But first, making sense of healthcare reform, for the entire hour.  And welcome to our panel here.  You know, the president wrote on the op-ed page of The New York Times today that this is the great debate for America right now. And I think what the public also wants is a civil and informative debate, which is what I think we’re going to have this morning.  I want to talk in just a few minutes about three major areas of contention in this healthcare debate.  But first I do want to talk about the anger, the emotion and the fear that is out there.

And, Senator Daschle, let me begin with you.  All of these town halls, have they altered or derailed the chance for reform this year?

Fmr. Sen. Tom Daschle (D-SD):  David, I think it’s actually been a good thing.  I think that it’s drawn even greater focus on the issue.  You’ve got President Obama out there in places all over the country talking and trying to set the record straight.  Obviously, these are emotional issues.  This is the noise of democracy.  You ask 300 million people what they ought to do about health care and you’re going to get a lot of different ideas, some of them very deeply emotional.  But the bottom line is I think this really does help a lot, goes a long way.

David Gregory: But it helps, it doesn’t hurt. You really believe that it doesn’t hurt?

Sen. Daschle:  I—well, obviously there are—the misinformation hurts. Obviously if you, if you provoke fear, that hurts.  But the opportunity that we have to set the record straight, to keep the focus on the issue, to recognize that there are millions of people out there who don’t have health care, to recognize that there are so many people out there that, that are left out, 12 million people have been, have been discriminated against because they have an illness.  We’ve got huge cost problems, huge quality problems.  And this is our opportunity really to lay the record straight, to put the focus where it belongs and to, and to get this job done for the first time in 70 years.

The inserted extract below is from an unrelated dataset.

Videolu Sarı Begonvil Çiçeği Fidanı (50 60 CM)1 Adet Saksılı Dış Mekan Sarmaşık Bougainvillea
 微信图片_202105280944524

David Gregory:  All right.  But let’s talk about the tone of the debate.  There have been death threats against members of Congress, there are Nazi references to members of Congress and to the president.  Here are some of the images. The president being called a Nazi, his reform effort being called Nazi-like, referring to Nazi Germany, members of Congress being called the same.  And then there was this image this week outside of Portsmouth, New Hampshire, a town hall event that the president had, this man with a gun strapped to his leg held that sign, “It is time to water the tree of liberty.” It was a reference to that famous Thomas Jefferson quote, “The tree of liberty must be refreshed from time to time with the blood of patriots and tyrants.” That has become a motto for violence against the government.  Timothy McVeigh, the Oklahoma City bomber, had that very quote on his shirt the day of the bombing of the Murrah building when 168 people were killed.